Crawled caption data
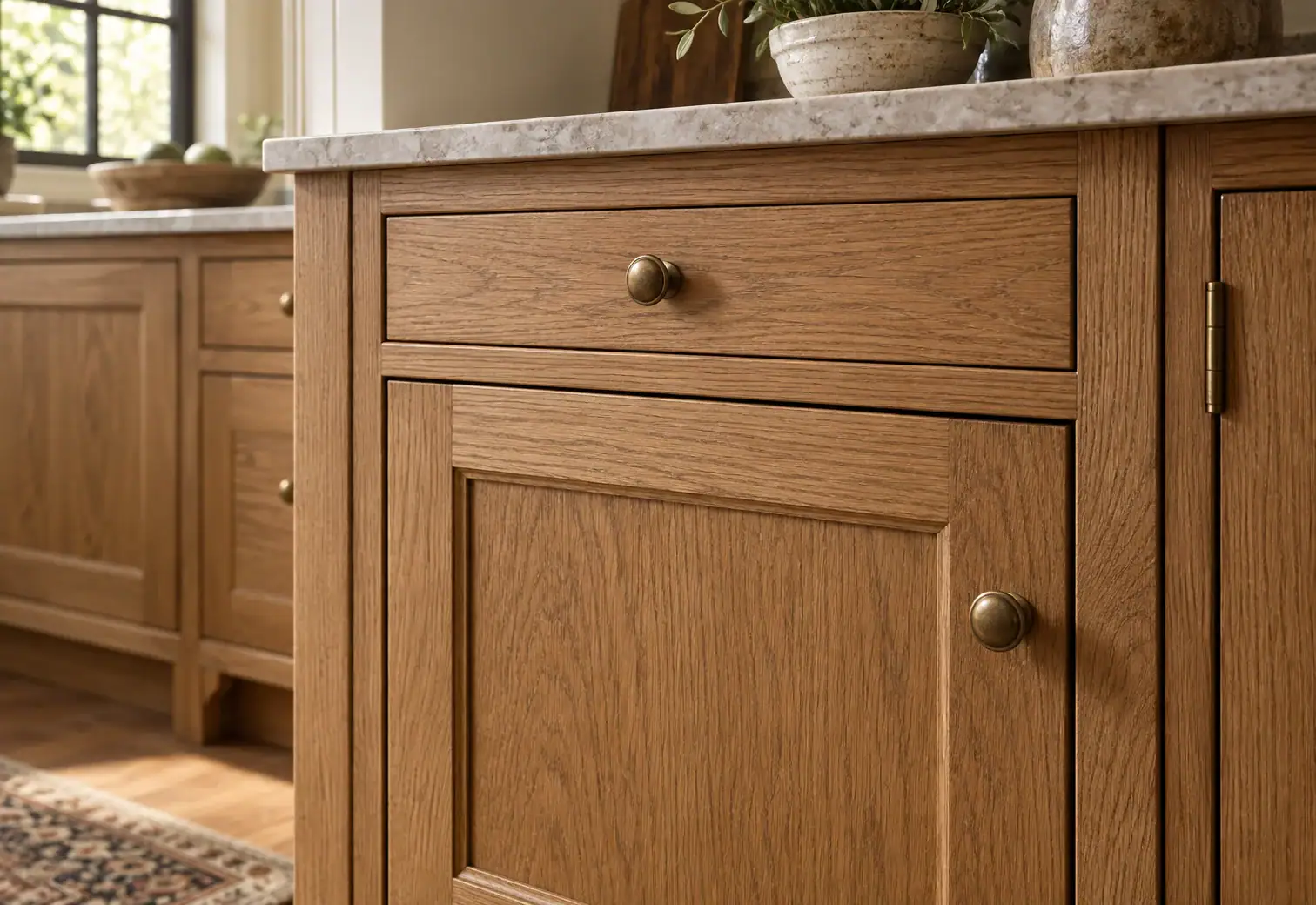 Oak cabinet joinery detail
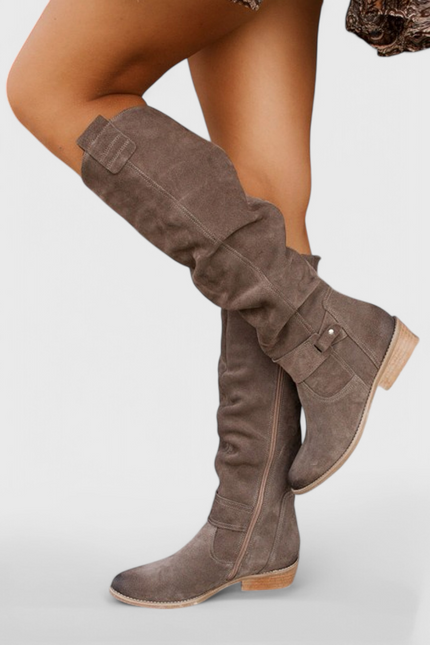 Celine Retro-Inspired High Boots Grey Boots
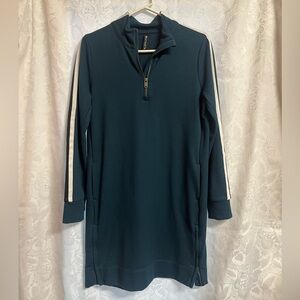Athleta Dark Green Long Sleeve Quarter-Zip Dress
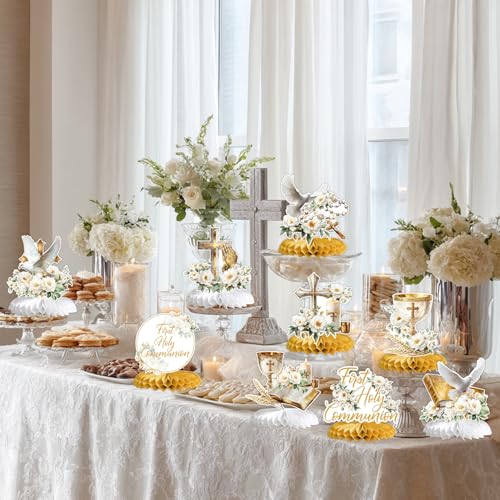 First Holy Communion Honeycomb Centerpieces, Baptism Decorations, God Bless Religious Table Centerpiece, First Communion Table Decor, Baptism Christening Baby Shower Birthday Party Decorations 9PCS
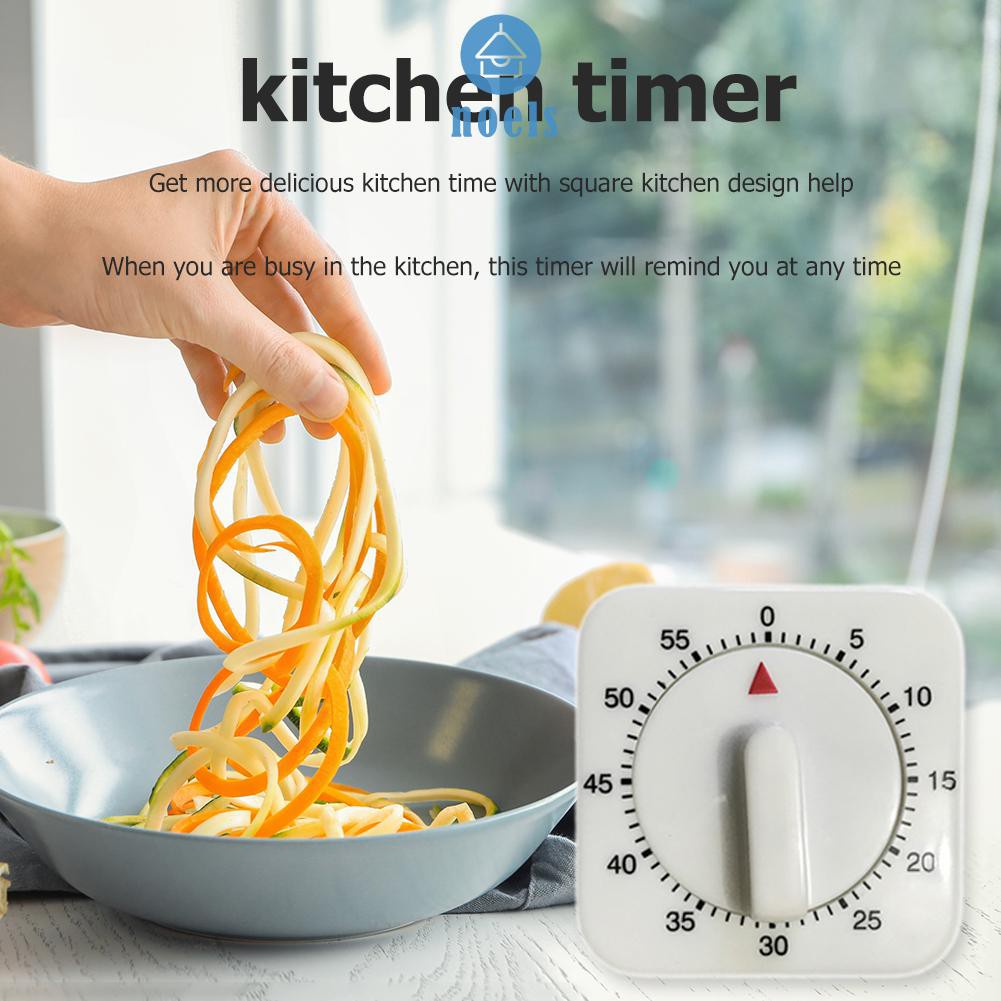 (Ready-Noel)Square Countdown Alarm Reminder 60 Minutes Dial Mechanical Kitchen Timer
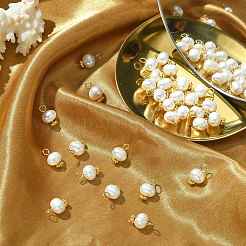 30Pcs Natural Cultured Freshwater Pearl Round Charms&nbsp;FIND-CJ0001-76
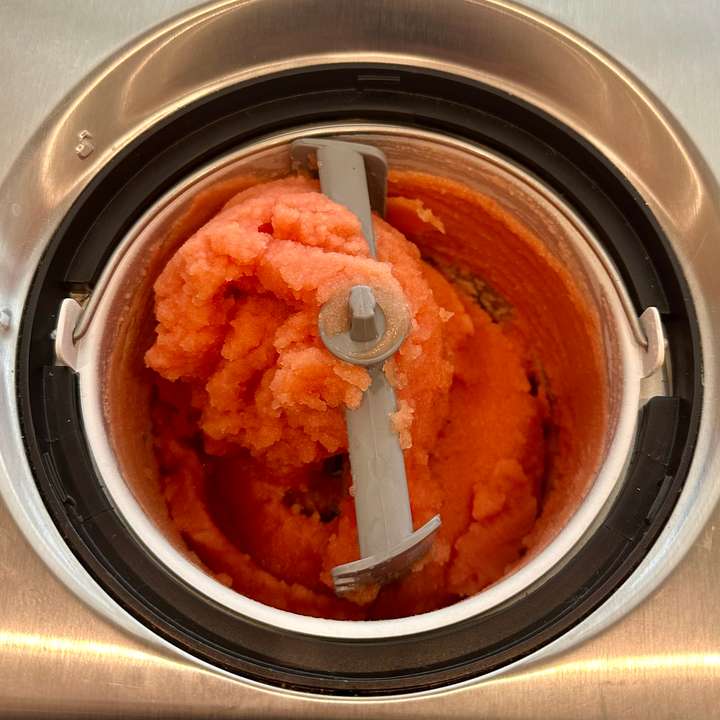 Watermelon lime sorbet in Cuisinart ICE-100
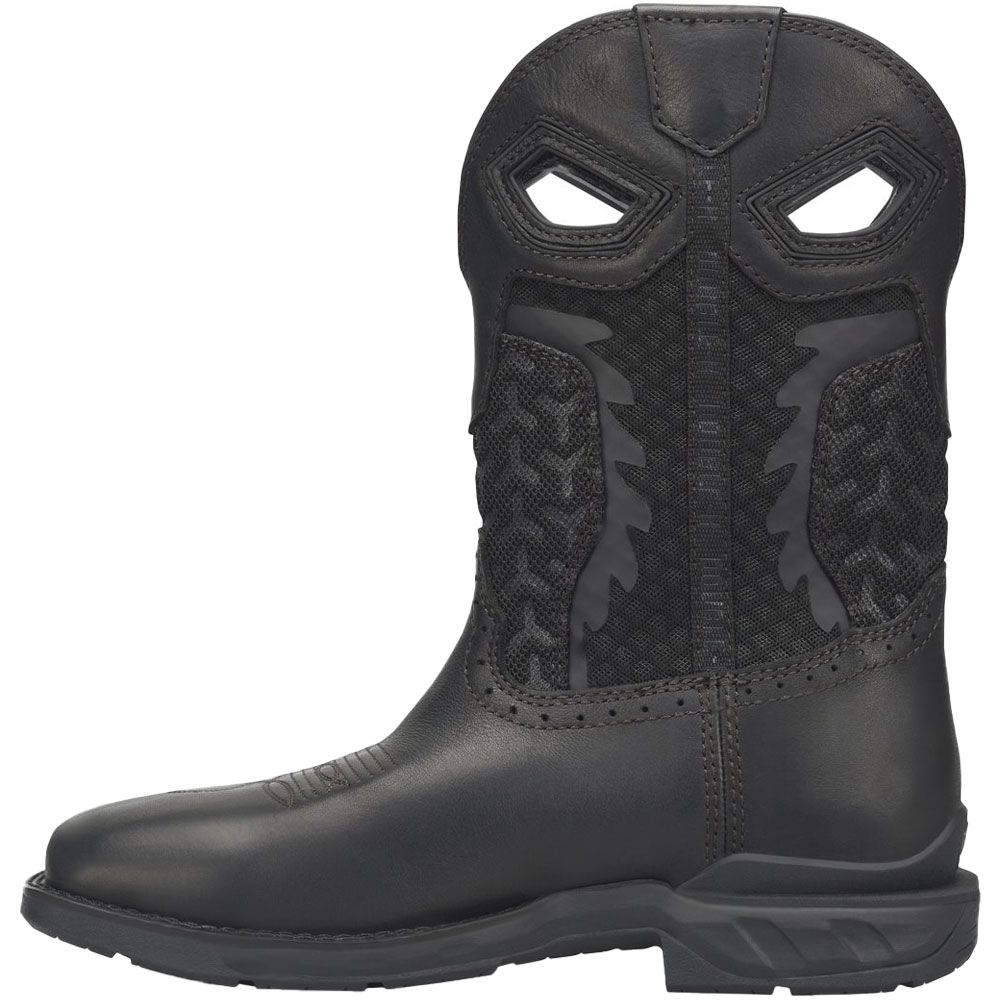 Double H Shadow DH5381 Mens Western Boots Black Back View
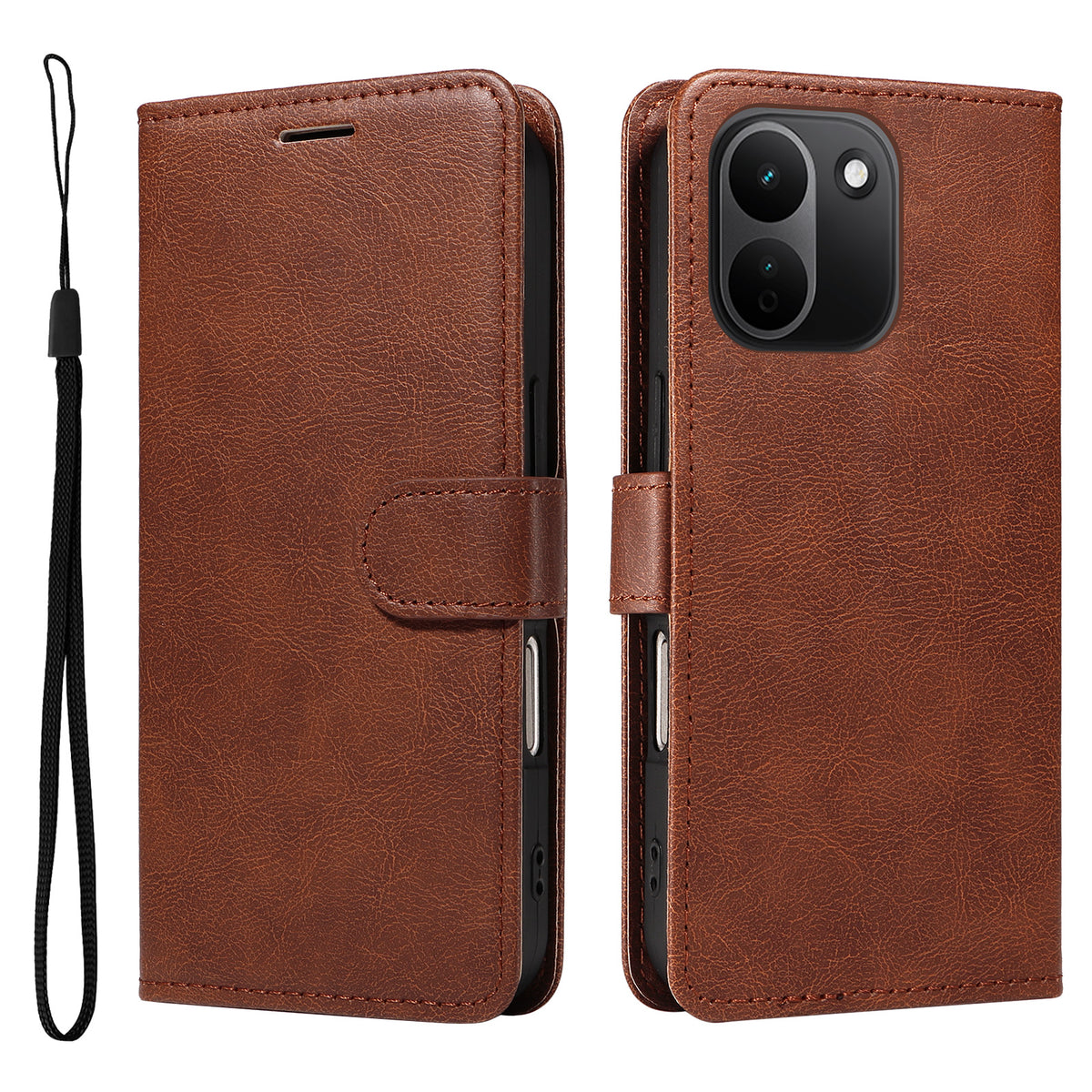 For Xiaomi Redmi Note 17 Pro+ 5G / Xiaomi Redmi Note 17 Pro Max 5G Leather Wallet Case with Strap Solid Color Phone Stand Cover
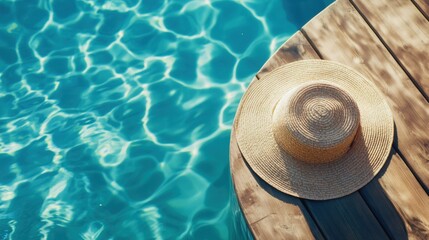 Straw hat resting on wooden deck by swimming pool on sunny summer day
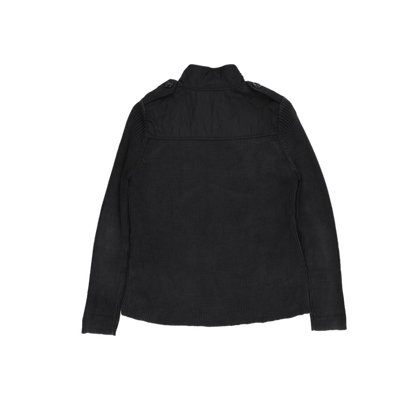 Burberry London Black Quilted Jacket Size S Polyester Wool Blend High Neck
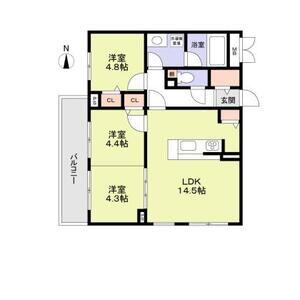 ブライトガーデン(3LDK/3階)の間取り写真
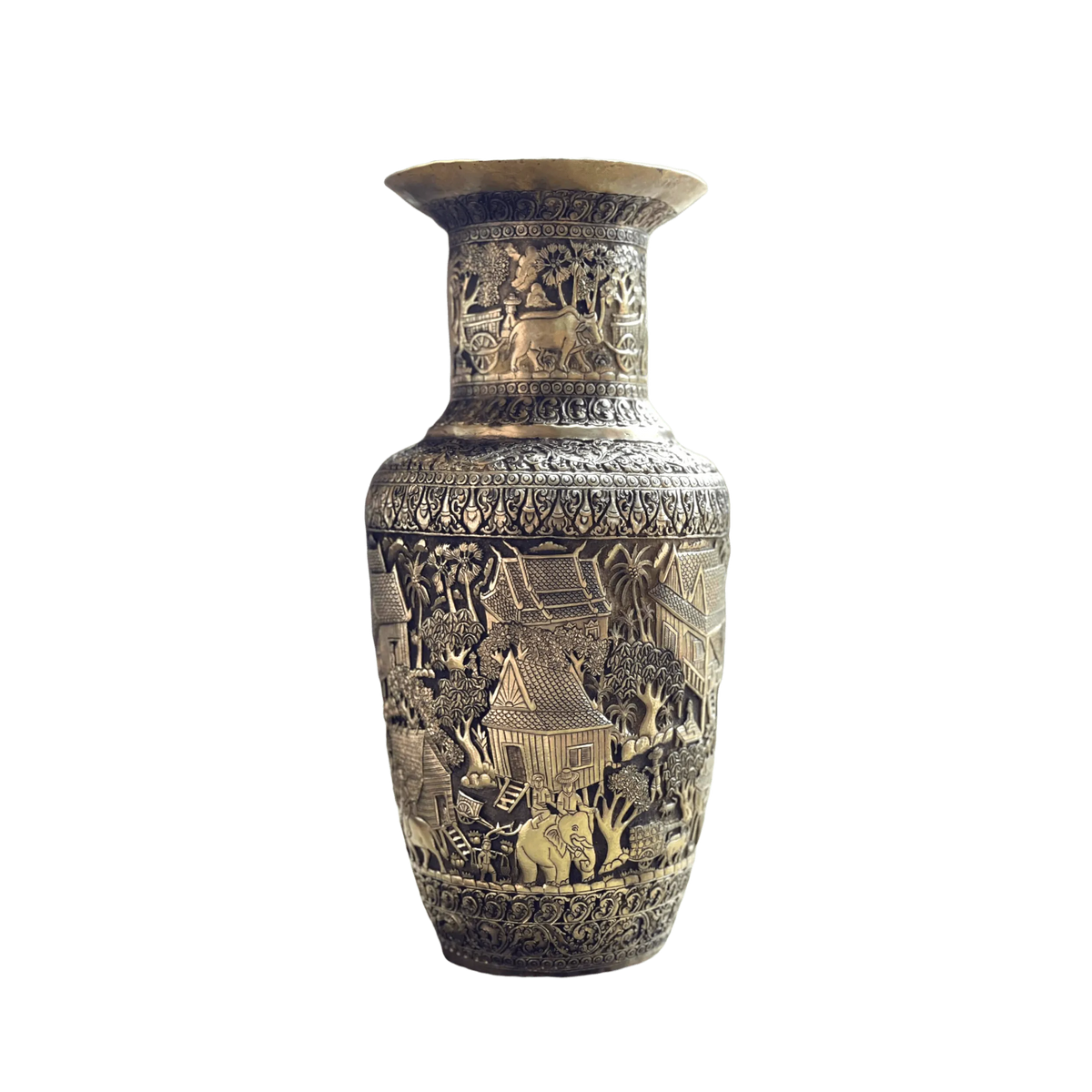 Royal Solid Brass Niello Flower Vase - Rural Khmer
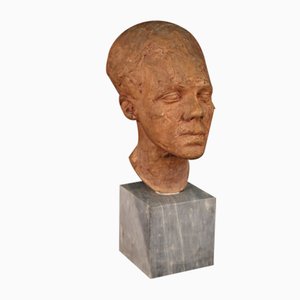 Figurative Sculpture, Mid-20th Century, Terracotta with Marble Base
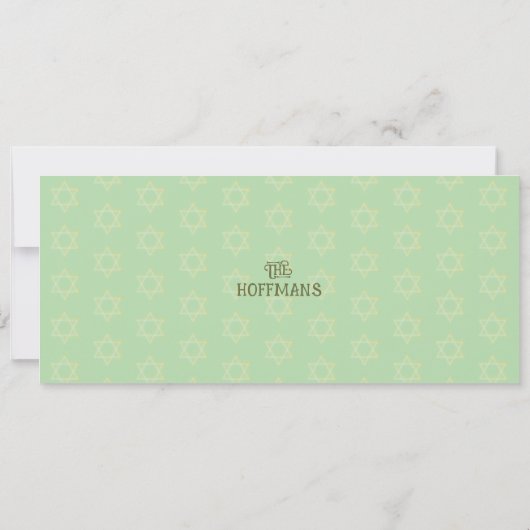 Hanukkah Menorah Olives | Blauwgroen groene groeps (Achterkant)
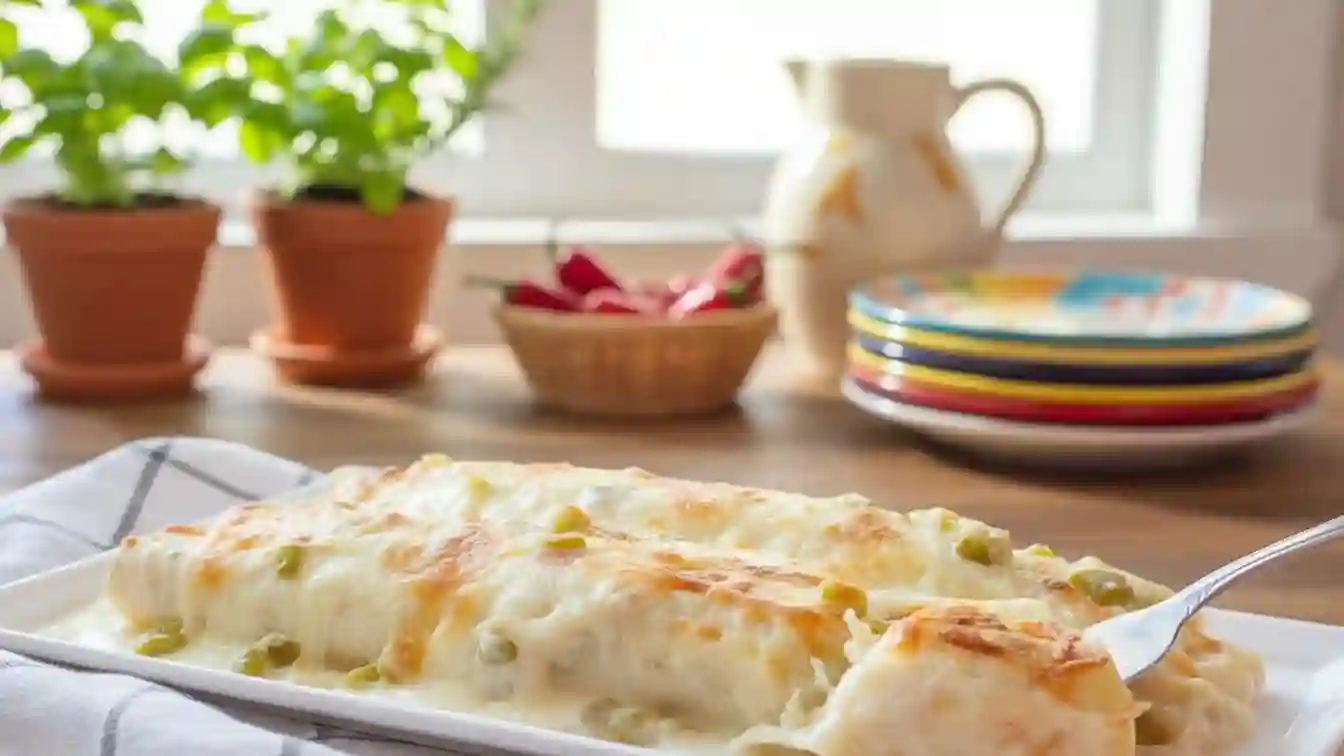 Creamy White Chicken Enchiladas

● **Required action**
Write out exactly, and only, the lines from the line holding "(Ready-Noel)Square Countdown Alarm" through the end of the data, inclusive, without any pictures.

● **Result below**
 (Ready-Noel)Square Countdown Alarm Reminder 60 Minutes Dial Mechanical Kitchen Timer
 30Pcs Natural Cultured Freshwater Pearl Round Charms&nbsp;FIND-CJ0001-76
 Watermelon lime sorbet in Cuisinart ICE-100
 Double H Shadow DH5381 Mens Western Boots Black Back View
 For Xiaomi Redmi Note 17 Pro+ 5G / Xiaomi Redmi Note 17 Pro Max 5G Leather Wallet Case with Strap Solid Color Phone Stand Cover
 Straw hat resting on wooden deck by swimming pool on sunny summer day
 Burberry London Black Quilted Jacket Size S Polyester Wool Blend High Neck
 ブライトガーデン(3LDK/3階)の間取り写真
 Royal Solid Brass Niello Flower Vase - Rural Khmer
 Figurative Sculpture, Mid-20th Century, Terracotta with Marble Base
 Hanukkah Menorah Olives | Blauwgroen groene groeps (Achterkant)
 Creamy White Chicken Enchiladas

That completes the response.